● REQUIREMENT:
For this exercise, output the entries below exactly from the line that holds "Куртка детская с" to the line that holds "bufo mewing with finger to jaw emoji", both ends included. No pictures belong in the copy.

● INFORMATION:
□ □ □ □ □

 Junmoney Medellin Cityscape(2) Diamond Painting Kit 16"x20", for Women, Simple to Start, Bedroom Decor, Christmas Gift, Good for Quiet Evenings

□ □ □ □ □

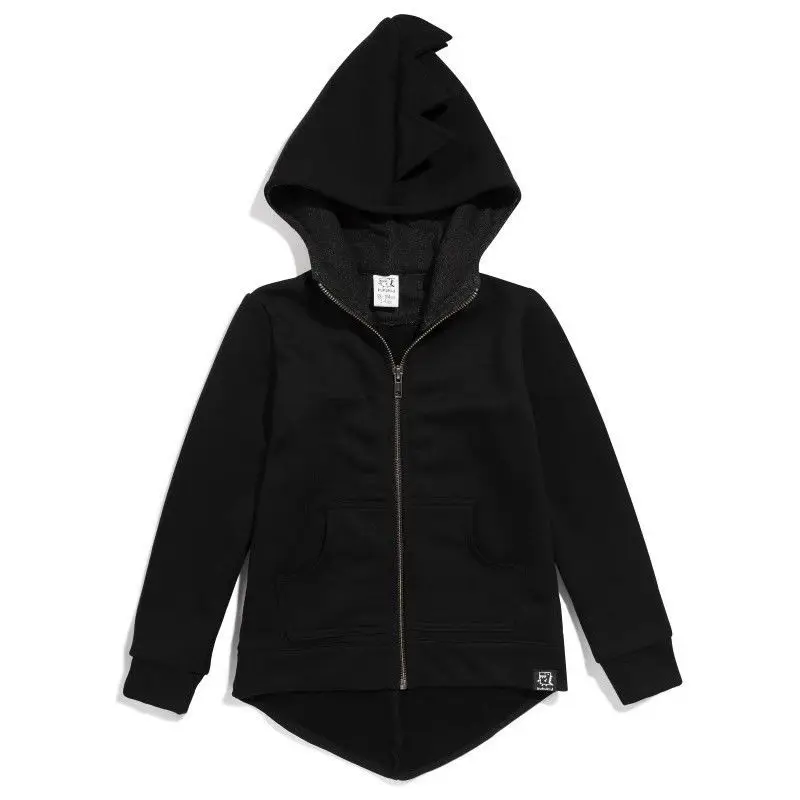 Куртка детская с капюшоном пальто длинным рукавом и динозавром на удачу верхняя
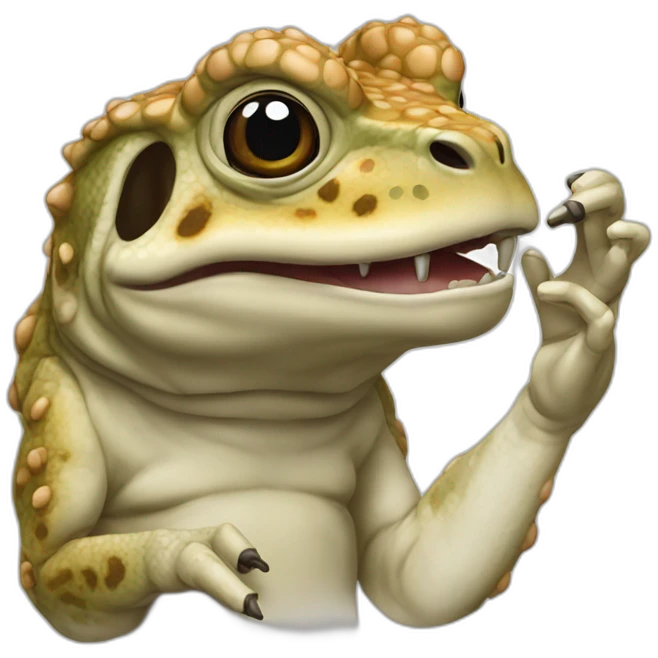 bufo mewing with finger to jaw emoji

□ □ □ □ □

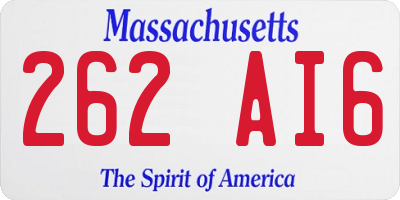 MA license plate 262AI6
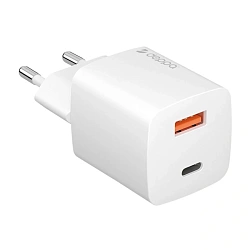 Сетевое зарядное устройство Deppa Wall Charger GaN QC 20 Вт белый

□ □ □ □ □

● ANSWER FOR THIS EXERCISE:
 Куртка детская с капюшоном пальто длинным рукавом и динозавром на удачу верхняя
 bufo mewing with finger to jaw emoji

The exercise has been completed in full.